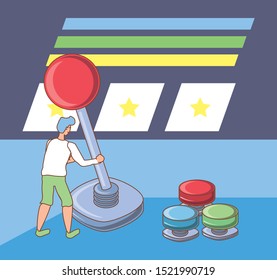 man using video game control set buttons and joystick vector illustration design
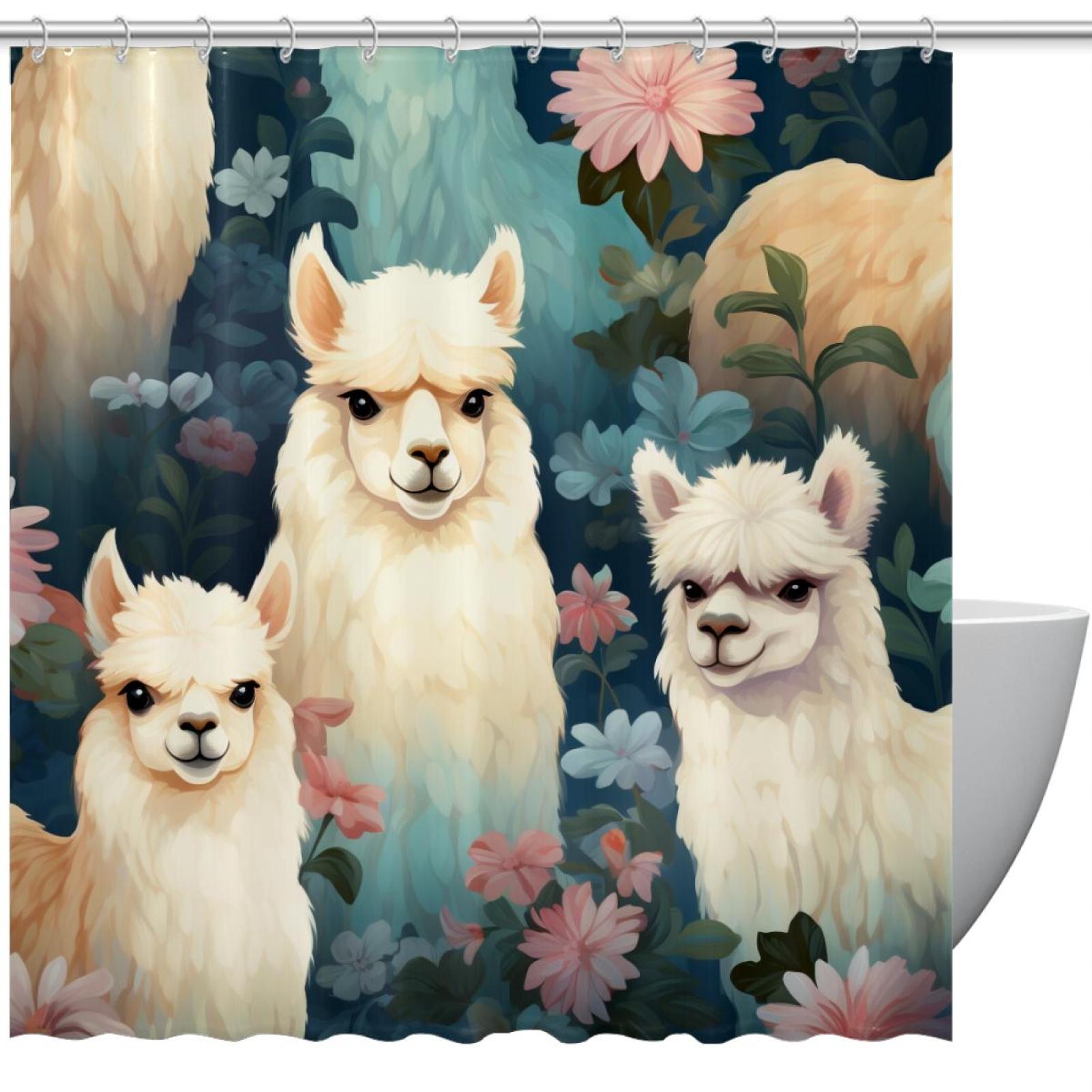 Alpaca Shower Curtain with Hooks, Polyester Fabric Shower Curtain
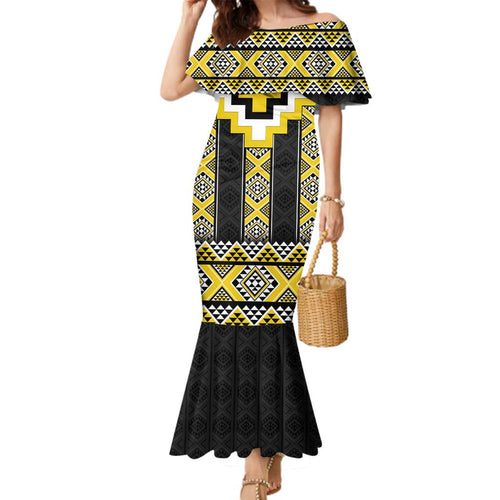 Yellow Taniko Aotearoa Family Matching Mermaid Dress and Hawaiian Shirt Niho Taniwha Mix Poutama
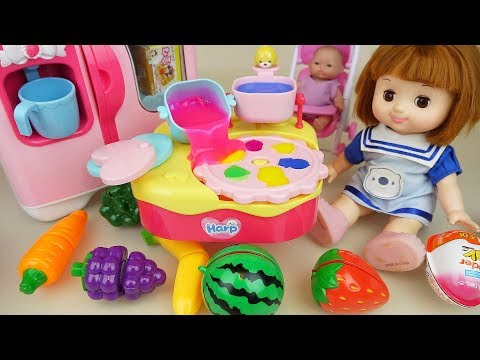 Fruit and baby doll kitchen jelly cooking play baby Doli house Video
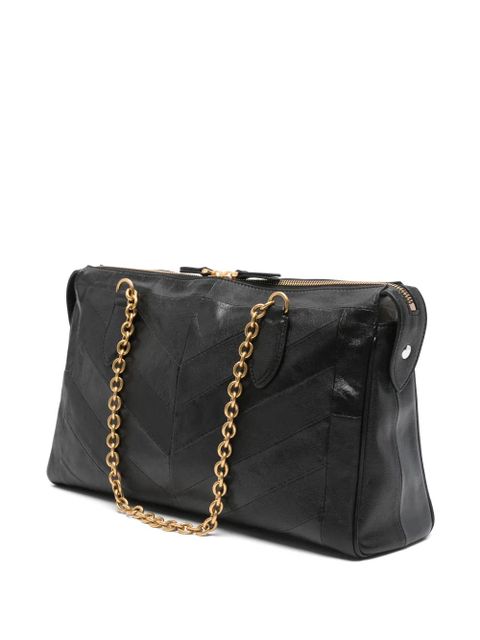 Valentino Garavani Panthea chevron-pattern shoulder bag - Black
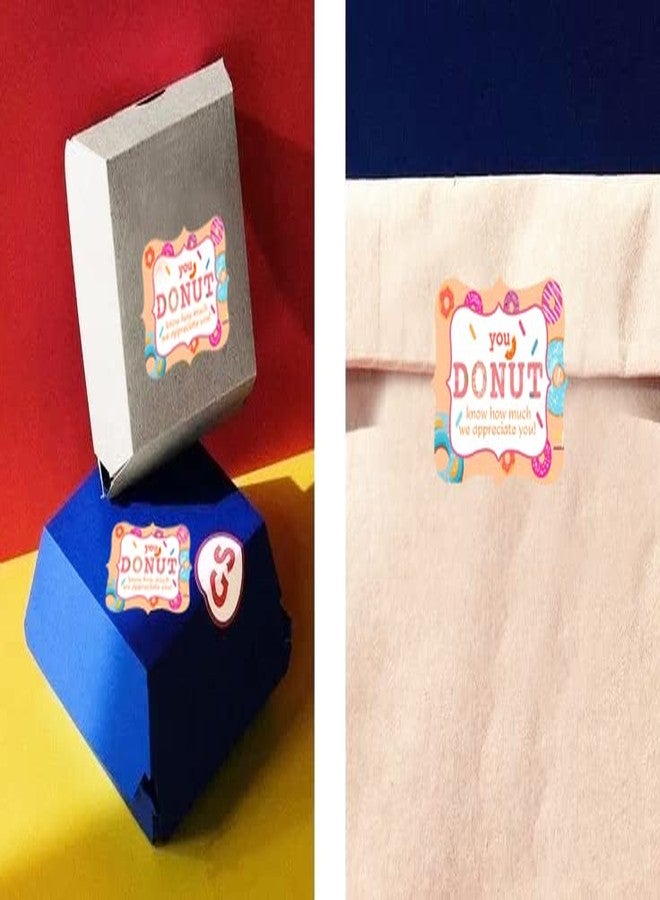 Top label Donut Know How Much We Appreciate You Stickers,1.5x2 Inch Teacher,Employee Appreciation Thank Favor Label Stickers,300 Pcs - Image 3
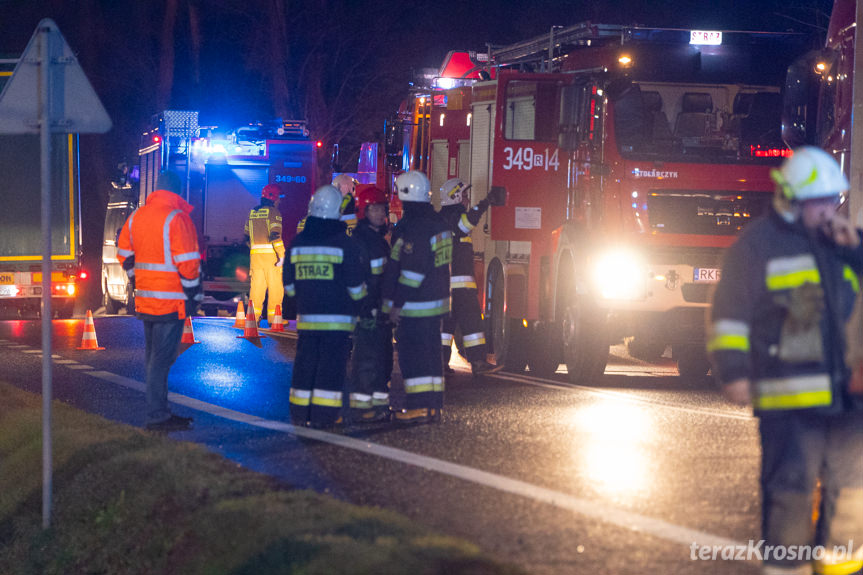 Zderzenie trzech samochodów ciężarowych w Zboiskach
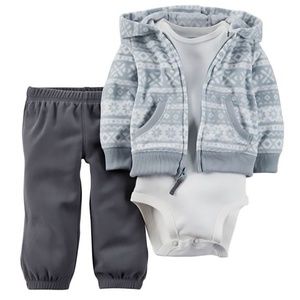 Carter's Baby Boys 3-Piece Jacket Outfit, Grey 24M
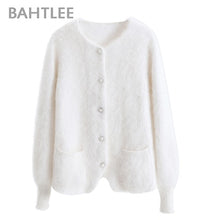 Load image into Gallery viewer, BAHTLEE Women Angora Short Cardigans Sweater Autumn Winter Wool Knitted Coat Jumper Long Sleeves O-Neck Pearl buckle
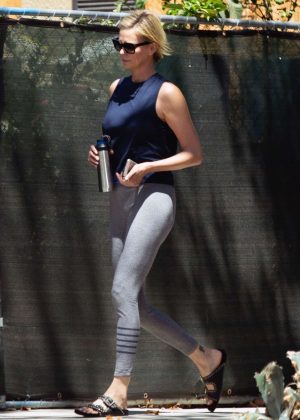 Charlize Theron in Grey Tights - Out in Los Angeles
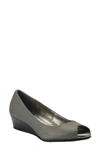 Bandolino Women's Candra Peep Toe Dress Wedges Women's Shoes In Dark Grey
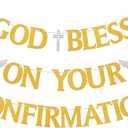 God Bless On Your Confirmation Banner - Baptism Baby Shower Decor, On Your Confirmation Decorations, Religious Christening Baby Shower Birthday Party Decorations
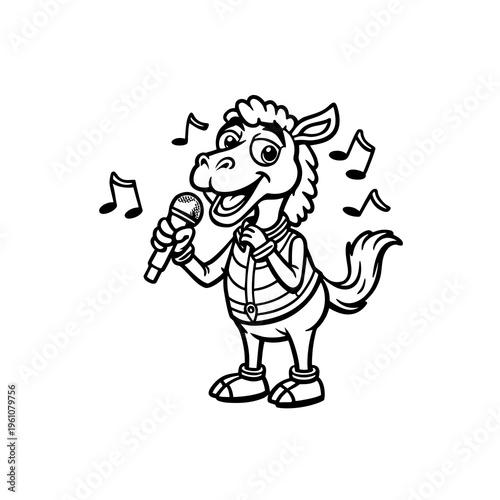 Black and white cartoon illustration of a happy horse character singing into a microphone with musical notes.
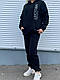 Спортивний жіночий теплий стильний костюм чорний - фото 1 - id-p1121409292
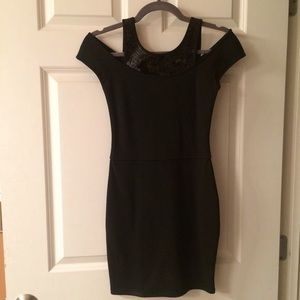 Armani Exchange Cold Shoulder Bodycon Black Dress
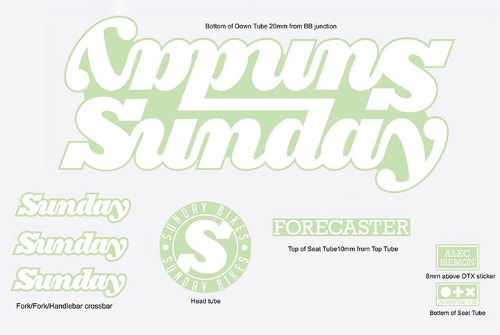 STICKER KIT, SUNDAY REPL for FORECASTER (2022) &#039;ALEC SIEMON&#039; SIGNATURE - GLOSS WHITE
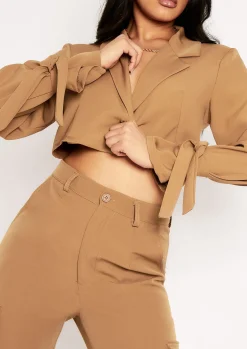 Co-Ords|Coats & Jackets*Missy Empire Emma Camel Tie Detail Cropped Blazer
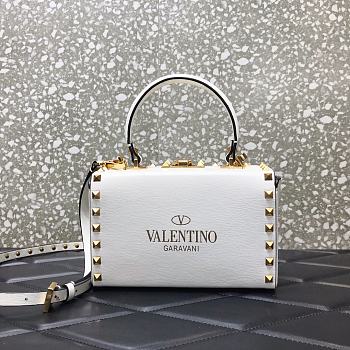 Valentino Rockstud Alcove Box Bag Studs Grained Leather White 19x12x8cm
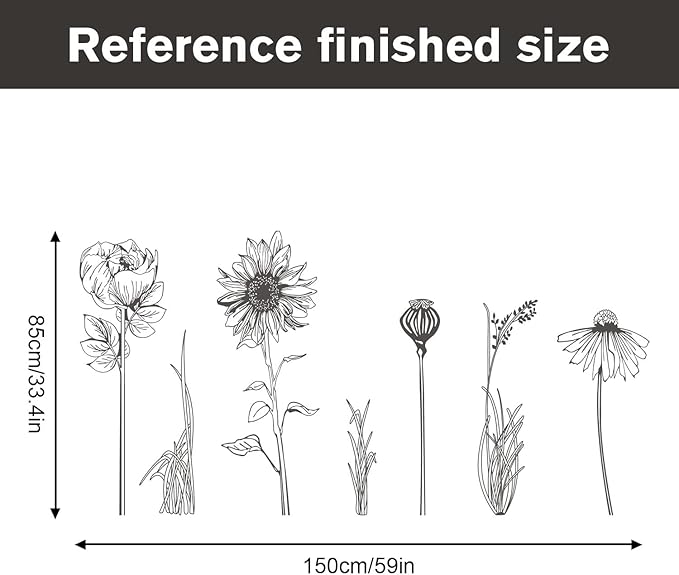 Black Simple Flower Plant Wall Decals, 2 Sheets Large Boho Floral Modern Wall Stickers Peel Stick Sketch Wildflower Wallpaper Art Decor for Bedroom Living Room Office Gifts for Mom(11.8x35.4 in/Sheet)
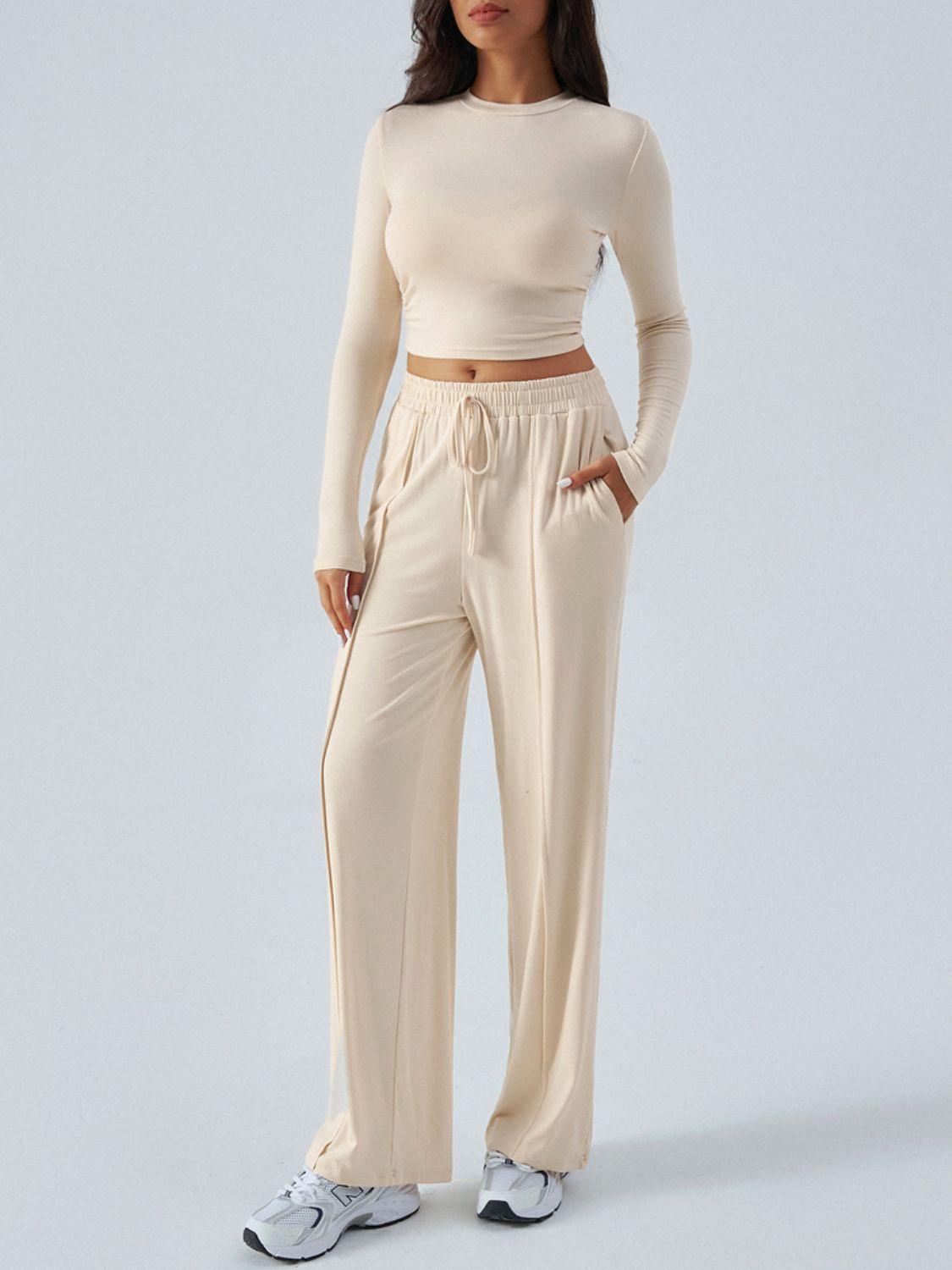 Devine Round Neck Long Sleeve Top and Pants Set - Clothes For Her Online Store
____
What is required
What is needed is a word-for-word copy of the records above, excluding pictures.

Written answer
 man using video game control set buttons and joystick vector illustration design
 Alpaca Shower Curtain with Hooks, Polyester Fabric Shower Curtain
 Yellow Taniko Aotearoa Family Matching Mermaid Dress and Hawaiian Shirt Niho Taniwha Mix Poutama
 Fruit and baby doll kitchen jelly cooking play baby Doli house Video
 Valentino Garavani Panthea chevron-pattern shoulder bag - Black
 Top label Donut Know How Much We Appreciate You Stickers,1.5x2 Inch Teacher,Employee Appreciation Thank Favor Label Stickers,300 Pcs - Image 3
 Zderzenie trzech samochodów ciężarowych w Zboiskach
 Carter's Baby Boys 3-Piece Jacket Outfit, Grey 24M
 Load image into Gallery viewer, BAHTLEE Women Angora Short Cardigans Sweater Autumn Winter Wool Knitted Coat Jumper Long Sleeves O-Neck Pearl buckle
 Charlize Theron in Grey Tights - Out in Los Angeles
 Bandolino Women's Candra Peep Toe Dress Wedges Women's Shoes In Dark Grey
 God Bless On Your Confirmation Banner - Baptism Baby Shower Decor, On Your Confirmation Decorations, Religious Christening Baby Shower Birthday Party Decorations
 Black and white cartoon illustration of a happy horse character singing into a microphone with musical notes.
 Спортивний жіночий теплий стильний костюм чорний - фото 1 - id-p1121409292
 Armani Exchange Cold Shoulder Bodycon Black Dress
 STICKER KIT, SUNDAY REPL for FORECASTER (2022) &#039;ALEC SIEMON&#039; SIGNATURE - GLOSS WHITE
 Co-Ords|Coats & Jackets*Missy Empire Emma Camel Tie Detail Cropped Blazer
 Valentino Rockstud Alcove Box Bag Studs Grained Leather White 19x12x8cm
 Black Simple Flower Plant Wall Decals, 2 Sheets Large Boho Floral Modern Wall Stickers Peel Stick Sketch Wildflower Wallpaper Art Decor for Bedroom Living Room Office Gifts for Mom(11.8x35.4 in/Sheet)
 Devine Round Neck Long Sleeve Top and Pants Set - Clothes For Her Online Store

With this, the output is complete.